INSTRUCTIONS FOR THE TASK:
From the data below, return the exact lines starting at the line containing "LAMBTARUNE 4 глава Villagerwerman" and ending at the line containing "The Green Lunch", both included, and nothing else.

SUPPLIED MATERIAL:
•••••

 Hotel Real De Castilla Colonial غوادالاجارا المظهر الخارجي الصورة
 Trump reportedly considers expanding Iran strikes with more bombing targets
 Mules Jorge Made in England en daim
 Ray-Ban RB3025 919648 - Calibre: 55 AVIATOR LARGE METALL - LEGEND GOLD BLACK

•••••

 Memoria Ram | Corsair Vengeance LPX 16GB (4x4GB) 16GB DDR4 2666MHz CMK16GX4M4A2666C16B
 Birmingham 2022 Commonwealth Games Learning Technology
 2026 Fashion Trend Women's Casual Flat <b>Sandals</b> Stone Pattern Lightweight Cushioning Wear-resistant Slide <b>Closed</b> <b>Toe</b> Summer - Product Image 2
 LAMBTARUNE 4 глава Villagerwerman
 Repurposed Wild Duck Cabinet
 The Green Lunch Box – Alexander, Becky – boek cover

•••••

OUTPUT:
 LAMBTARUNE 4 глава Villagerwerman
 Repurposed Wild Duck Cabinet
 The Green Lunch Box – Alexander, Becky – boek cover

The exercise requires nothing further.